Five nines gets much harder, because, frankly, there isn’t a lot you can accomplish in 5 minutes. It isn’t enough to have simple, manual failover for planned maintenance. You need to detect failures and route around them quickly, and have lots of redundancy so that failures you can’t actively route around don’t take your service out. So you need a load-balancing network switch, a proxy of some sort, or much more complex clustering software (for databases, as an example). If you get a load-balancing switch you’ll need two so it doesn’t become the single point of failure.

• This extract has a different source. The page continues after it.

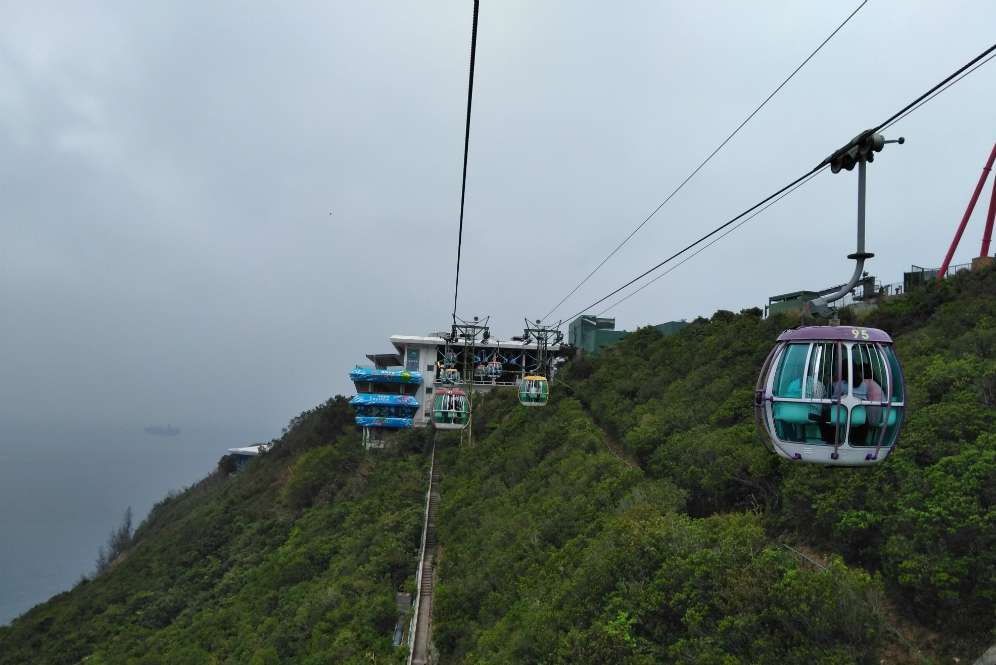Cable Car Ocean Park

You’ll need N+1 servers behind those switches to cover the load, and each will need multiple NICs attached to multiple network switches. Ditto for storage if it’s external. You’ll need a generator in case the power goes out, and multiple ISP uplinks in case one ISP has trouble. Maybe even two physical locations. You’ll need someone monitoring the system, who is on call to fix things right away. Which also means you’ll need a good monitoring system. You’ll need training to operate all of this new software or hardware, or expensive consultants to set it up. On top of it all you’ll probably want to order everything twice, so you can build an identical test environment to vet changes, software updates, etc.

See how it gets very complex, and simultaneously very expensive, very quickly?

Being realistic about one’s downtime ends up saving vast quantities of cash, time, and effort.

9 thoughts on “Downtime”

  1. Bob,

    Thanks a lot for the link, and for covering this topic. I don’t have any experience at all when it comes to actually calculating the amount of uptime a system is capable of.

    Do you perform these sorts of calculations for your infrastructure?

  2. When we build a system we do some work to build it out for the uptime we need, and we know what the maintenance needs of our network and SAN are so we can plan for them. In fact, we pre-schedule those outages a year in advance so everybody can see them.

    For example, we know that if we attach a server to certain enterprise storage arrays of ours they will have to be able to endure a four hour outage on two Sunday mornings a year.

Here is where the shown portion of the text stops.